I'm interested in seeing part 2.

And just a side question, is it impossible to have a pandering male nerd fantasy AND also a deep and meaningful heroine? Can you kill two birds with one stone?

I disagree with Bob a lot of the time, including on this movie being good, but this is one of the few episodes where I actually think he has some really good points. What can I say? I'm impressed

The Almighty Aardvark:
I disagree with Bob a lot of the time, including on this movie being good, but this is one of the few episodes where I actually think he has some really good points. What can I say? I'm impressed

A lot of this, actually, most of this. I'm not a movie guy and I'm even less a movie critic guy, but Bob hit the nail square on the soft head of a movie it was. I'll even admit that I didn't really 'get it' when I first saw it but more pieced it together after the fact, reminiscing with the woman on just how fragmented and hard to follow it was. When we finally realized it was a fantasy (action sequences) within a fantasy (brothel/speakeasy/whore house) within a horror (mental institution where all the female inmates are brutalized and sexually molested) movie, we looked at each other blankly and decided to move on, but we still, both of us actually, appreciated what was trying to be put across, even with the terrible segues within 'Sucker Punch' which took you away from the point trying to be made. Even still we found it more comforting and less frustrating to talk about the possibility of a movie illustrating the mating habits of shrews than to continue trying to dig to the depths that Bob did. So thanks Bob; you did all the hard work of gathering meaning from poor illustration and imagery that was more nerdo-circle-jerk than shawshank-redeemed.

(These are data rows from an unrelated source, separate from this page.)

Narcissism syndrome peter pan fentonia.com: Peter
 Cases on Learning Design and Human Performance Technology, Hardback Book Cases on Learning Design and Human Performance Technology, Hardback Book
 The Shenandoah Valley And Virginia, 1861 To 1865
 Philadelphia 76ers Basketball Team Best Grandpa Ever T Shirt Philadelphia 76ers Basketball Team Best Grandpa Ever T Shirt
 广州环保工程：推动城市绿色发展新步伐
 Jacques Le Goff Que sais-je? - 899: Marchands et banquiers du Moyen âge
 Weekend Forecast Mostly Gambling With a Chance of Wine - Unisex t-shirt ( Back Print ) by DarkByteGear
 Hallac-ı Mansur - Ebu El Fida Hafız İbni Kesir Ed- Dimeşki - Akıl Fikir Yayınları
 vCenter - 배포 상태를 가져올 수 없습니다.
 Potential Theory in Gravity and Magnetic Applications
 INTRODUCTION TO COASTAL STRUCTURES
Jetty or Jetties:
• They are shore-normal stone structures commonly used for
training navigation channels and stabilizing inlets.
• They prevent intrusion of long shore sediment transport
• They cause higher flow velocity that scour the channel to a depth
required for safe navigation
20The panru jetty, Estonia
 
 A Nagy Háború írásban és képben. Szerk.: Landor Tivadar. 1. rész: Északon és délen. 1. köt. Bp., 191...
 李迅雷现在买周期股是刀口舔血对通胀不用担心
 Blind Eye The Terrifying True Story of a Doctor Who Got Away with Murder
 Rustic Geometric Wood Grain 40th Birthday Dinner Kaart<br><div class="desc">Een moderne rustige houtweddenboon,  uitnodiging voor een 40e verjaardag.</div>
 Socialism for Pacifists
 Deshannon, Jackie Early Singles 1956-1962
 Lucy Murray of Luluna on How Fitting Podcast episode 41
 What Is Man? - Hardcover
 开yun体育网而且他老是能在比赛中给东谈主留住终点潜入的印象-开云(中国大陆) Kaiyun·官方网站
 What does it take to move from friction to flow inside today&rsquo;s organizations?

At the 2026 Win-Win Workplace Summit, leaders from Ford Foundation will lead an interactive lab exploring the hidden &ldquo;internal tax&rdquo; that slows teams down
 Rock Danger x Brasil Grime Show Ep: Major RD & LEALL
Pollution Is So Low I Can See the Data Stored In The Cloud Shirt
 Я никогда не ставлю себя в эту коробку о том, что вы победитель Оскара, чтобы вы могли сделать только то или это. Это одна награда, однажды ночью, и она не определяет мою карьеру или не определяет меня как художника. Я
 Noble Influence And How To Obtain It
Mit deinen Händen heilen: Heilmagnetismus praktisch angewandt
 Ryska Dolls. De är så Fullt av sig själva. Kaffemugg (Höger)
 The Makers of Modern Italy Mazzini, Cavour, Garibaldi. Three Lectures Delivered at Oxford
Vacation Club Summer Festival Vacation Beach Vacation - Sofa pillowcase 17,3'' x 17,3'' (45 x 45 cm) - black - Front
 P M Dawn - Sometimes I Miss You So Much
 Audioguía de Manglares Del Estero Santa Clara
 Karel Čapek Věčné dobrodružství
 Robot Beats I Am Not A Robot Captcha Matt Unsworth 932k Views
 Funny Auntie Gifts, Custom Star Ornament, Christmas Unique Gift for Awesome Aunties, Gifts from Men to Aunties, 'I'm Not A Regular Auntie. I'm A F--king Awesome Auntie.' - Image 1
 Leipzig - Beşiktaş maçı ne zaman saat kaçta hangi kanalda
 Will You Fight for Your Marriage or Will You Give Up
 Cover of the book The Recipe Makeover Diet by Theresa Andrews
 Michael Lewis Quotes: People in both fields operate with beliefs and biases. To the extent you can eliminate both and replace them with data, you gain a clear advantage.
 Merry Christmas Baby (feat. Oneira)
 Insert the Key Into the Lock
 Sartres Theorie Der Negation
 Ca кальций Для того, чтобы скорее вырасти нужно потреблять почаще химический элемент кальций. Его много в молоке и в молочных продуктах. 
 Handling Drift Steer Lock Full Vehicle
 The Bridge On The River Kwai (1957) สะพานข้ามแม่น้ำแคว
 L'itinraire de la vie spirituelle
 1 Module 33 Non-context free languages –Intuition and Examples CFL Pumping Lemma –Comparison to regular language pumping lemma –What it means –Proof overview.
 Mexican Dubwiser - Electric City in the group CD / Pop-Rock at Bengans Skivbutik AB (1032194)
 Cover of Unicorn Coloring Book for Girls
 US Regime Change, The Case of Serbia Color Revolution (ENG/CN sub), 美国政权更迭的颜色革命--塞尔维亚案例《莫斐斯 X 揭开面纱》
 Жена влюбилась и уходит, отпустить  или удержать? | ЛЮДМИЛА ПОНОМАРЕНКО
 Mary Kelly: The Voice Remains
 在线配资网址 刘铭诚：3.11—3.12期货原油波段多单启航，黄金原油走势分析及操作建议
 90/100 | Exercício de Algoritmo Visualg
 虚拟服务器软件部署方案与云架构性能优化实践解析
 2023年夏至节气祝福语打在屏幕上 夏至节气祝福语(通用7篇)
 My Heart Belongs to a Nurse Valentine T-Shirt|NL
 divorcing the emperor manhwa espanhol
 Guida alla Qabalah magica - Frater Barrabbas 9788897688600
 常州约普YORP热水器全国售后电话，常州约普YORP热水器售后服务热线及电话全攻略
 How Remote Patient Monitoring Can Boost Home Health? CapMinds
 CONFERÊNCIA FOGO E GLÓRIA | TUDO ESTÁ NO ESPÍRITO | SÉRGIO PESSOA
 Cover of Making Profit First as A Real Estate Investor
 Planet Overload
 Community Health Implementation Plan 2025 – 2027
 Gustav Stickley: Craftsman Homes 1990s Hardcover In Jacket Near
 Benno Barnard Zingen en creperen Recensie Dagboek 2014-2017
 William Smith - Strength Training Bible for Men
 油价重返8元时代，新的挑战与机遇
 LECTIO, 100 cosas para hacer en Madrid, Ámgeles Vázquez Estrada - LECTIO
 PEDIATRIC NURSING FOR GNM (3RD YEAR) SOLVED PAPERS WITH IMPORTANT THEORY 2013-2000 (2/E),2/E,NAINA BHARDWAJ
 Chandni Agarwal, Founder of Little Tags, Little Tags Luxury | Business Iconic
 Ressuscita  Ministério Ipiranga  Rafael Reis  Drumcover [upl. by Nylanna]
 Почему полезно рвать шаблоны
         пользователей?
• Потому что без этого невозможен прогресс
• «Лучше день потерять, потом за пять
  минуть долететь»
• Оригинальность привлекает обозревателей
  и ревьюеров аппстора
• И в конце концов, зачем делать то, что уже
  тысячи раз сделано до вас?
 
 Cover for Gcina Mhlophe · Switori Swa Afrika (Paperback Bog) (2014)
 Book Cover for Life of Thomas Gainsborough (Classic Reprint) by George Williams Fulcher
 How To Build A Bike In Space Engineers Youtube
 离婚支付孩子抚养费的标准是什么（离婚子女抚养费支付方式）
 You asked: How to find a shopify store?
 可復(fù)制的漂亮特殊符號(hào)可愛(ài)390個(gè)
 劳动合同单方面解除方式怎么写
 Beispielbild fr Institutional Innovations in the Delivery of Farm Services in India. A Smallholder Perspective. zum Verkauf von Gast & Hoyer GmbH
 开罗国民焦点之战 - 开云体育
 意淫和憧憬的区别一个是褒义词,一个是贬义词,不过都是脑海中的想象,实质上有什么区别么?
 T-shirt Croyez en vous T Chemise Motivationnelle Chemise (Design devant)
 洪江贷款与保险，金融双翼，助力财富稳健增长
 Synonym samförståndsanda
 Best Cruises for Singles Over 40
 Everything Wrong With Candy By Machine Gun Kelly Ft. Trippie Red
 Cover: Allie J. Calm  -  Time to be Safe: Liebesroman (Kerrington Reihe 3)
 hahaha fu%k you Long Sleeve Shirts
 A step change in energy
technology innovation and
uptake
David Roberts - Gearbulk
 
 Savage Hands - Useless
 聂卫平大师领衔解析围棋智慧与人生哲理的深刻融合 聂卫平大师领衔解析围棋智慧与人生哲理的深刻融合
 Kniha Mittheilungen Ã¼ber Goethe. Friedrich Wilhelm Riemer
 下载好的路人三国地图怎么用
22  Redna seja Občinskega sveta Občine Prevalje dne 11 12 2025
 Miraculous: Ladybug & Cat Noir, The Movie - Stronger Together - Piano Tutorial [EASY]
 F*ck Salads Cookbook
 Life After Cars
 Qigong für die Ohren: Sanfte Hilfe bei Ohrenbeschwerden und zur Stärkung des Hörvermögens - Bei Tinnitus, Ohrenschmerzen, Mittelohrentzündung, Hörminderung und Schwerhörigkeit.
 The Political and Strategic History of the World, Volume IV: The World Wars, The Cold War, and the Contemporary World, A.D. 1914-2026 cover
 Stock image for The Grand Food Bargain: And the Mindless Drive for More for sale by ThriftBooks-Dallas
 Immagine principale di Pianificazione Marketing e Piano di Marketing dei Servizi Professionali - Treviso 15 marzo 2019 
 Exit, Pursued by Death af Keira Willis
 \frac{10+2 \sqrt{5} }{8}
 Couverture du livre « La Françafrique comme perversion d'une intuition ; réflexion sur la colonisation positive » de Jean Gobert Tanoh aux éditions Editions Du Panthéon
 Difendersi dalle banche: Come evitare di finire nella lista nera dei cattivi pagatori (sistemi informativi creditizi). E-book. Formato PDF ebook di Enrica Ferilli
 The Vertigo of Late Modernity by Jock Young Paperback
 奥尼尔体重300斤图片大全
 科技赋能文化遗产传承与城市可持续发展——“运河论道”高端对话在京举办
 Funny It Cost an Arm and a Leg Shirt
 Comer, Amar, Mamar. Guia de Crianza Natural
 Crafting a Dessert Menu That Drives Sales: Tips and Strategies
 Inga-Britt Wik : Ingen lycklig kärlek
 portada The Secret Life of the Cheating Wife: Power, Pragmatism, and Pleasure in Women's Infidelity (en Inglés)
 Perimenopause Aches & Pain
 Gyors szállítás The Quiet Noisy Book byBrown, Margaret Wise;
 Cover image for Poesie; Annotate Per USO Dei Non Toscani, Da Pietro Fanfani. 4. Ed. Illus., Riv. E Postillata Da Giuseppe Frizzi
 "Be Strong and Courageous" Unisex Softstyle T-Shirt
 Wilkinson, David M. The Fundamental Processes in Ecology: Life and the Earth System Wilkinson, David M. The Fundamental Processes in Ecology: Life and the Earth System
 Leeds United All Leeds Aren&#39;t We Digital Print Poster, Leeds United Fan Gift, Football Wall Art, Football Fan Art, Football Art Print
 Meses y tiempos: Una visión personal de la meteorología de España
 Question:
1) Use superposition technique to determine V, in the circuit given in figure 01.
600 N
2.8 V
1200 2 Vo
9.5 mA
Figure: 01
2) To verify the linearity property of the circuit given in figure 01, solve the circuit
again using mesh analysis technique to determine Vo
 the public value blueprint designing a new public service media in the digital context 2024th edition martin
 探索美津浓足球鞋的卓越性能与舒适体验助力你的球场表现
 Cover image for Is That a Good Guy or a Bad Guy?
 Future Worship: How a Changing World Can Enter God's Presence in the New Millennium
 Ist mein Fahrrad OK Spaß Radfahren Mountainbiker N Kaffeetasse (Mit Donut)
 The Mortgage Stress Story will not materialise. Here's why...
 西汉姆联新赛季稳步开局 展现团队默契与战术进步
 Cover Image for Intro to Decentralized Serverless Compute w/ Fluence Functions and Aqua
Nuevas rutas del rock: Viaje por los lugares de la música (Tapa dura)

I love LOVE this movie. I kinda feel like it did something sort of similar to Cabin In The Woods... which was another movie which some people loved and some hated (though i think it was more loved in general overall)

I def. very much did "get" it, but i felt it was a very enjoyable "music videoish" type movie even if you turned your brain off and neglected to "get" it so i am sort of confused as to why so many people didn't like it.

And on a side note. This idea that just because everyone does not understand the movie, then the movie is not good because it doesn't convey the message in a way that everyone can grasp... This is totally absurd. If you believe in that then you must also believe that (for example) pretty much every philosopher who ever existed is a shitty philosopher because many (if not most) people upon reading their works will not grasp what they are trying to say. In fact most meaningful works of art which present new or interesting ideas are NOT understood by most people right away, let alone everyone. To say they are not good because people "don't get it" is ridiculous.

I don't think I am going to read through all of the pages of this discussion but it seems that many of the complaints about the movie being brought up are people not appreciating the role of those elements. That may be because they didn't "get it" or it may be that they just didn't like the use of those particular elements or their execution. I am wondering though how many people in this thread have such wonderfully scripted daydreams that they don't get why the internal fantasies of half mad abuse victims are chaotic, disjointed, and only marginally sensical.

In the words of Ben "Yahtzee" Croshaw "Just because you're being ironic doesn't mean people aren't going to fap to it" sucker punch is misogynistic because the women portrayed in the movie lack any positive qualities and they are being exploited sexualy by the movie even if this is suppose to be ironically.All they are is just sex dolls and they never evolve past that

If a movie is suppose to be feminist just because all the men in it are horrible people then you're wrong. All it is is misandric and misogynistic at the same time

I thought the movie was ok, but I hated the ending. That was the real sucker punch in there in my opinion.

I turned this film off after about 40 minutes because I got what it was supposed to be but felt patronised by it's obviousness. That and the dragged out action sequences were pretty terrible. Too long, too cliched but maybe that was the point? I should have loved this film but the metaphor was carried out so badly, was just so lurid and blatent, that it just made me feel sick. Once I looked up some of the debate on this film, and read a good post from a supporter of it, who said something like "If you get what this film is supposed to be but don't like it, then you're probably not the target audience".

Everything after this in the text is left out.